We were able to spend just a few hours with various Renegade versions at our Connecticut test track and came away more impressed than not. Though few people will buy it this way, we found the six-speed stick and 1.4-liter turbo a fairly potent combination.

The more mainstream Latitude model, with all-wheel drive and the 2.4-liter, made a good first impression. Power delivery was ample, and the nine-speed seems to have been improved. The ride was tolerably absorbent, which can’t be said for most vehicles of this size. Noise, too, was fairy well repressed for a small vehicle.

The up-level Trailhawk, which has tons of electronics to govern its various rough-country driving modes, was a bit noisier than the others on pavement, thanks to its 17-inch all-terrain tires. Its enhanced all-wheel drive system, called Active Drive Low, can simulate low-range gearing to crawl up and down hills. It scaled our steep rock hill without much difficulty, aided by its standard skid plates and 8.7-inch ground clearance.  

Steering in all versions responded promptly to the helm in our short drives. While it didn’t wow us with its responsiveness, it still felt confident.

Photo: Jeep

Inside the cabin

Although the doorsills are a bit high, getting in and out posed no special problems, and the front cabin offers plenty of headroom and legroom, with abundant fore-and-aft seat adjustment. The front seats are narrow, as you might expect, but fairly well shaped.
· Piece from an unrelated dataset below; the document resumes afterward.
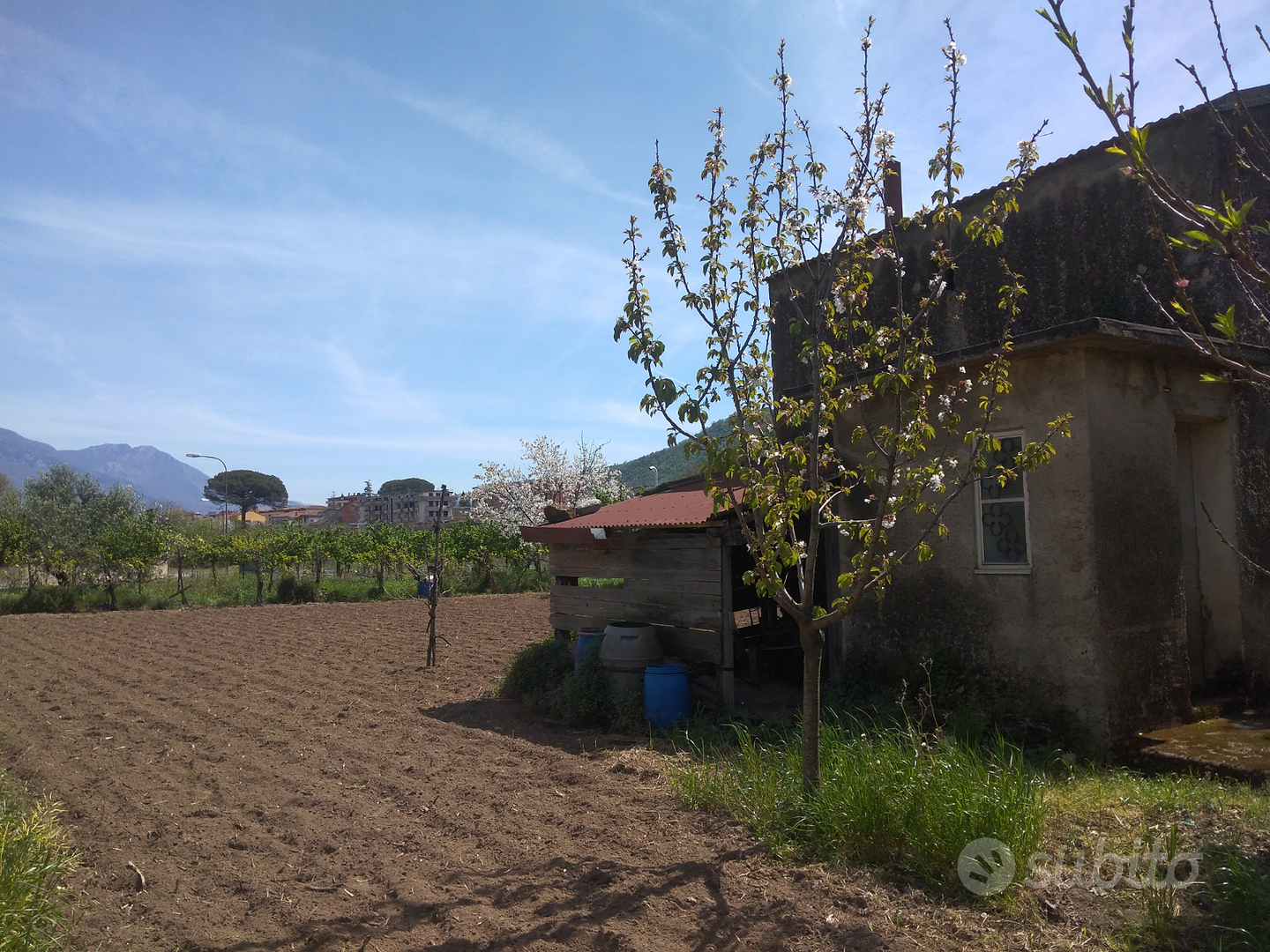 Abitazione con terreno - Vista 4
The rear seats aren’t bad for two adults. Even with average-tall people up front, knee room in the rear is at least adequate, and there’s decent toe room beneath the front seats. Thanks to the squared-off roof design, few will find rear-seat headroom lacking.

From the outside it looks like the fat rear roof pillars would seriously impede the view out, but from the driver’s seat visibility turned out to be pretty good.

The optional “MySky” sunroof is a bit of whimsy. It consists of two large black plastic panels, mounted fore and aft. The front portion retracts electrically, giving access to the great outdoors. It’s fairly easy to snap out both of these lightweight panels, essentially opening up the whole passenger area; they can stow in the cargo bay. But what you don’t have up there is glass. If it starts to rain, you better hustle to get those rooflets back on.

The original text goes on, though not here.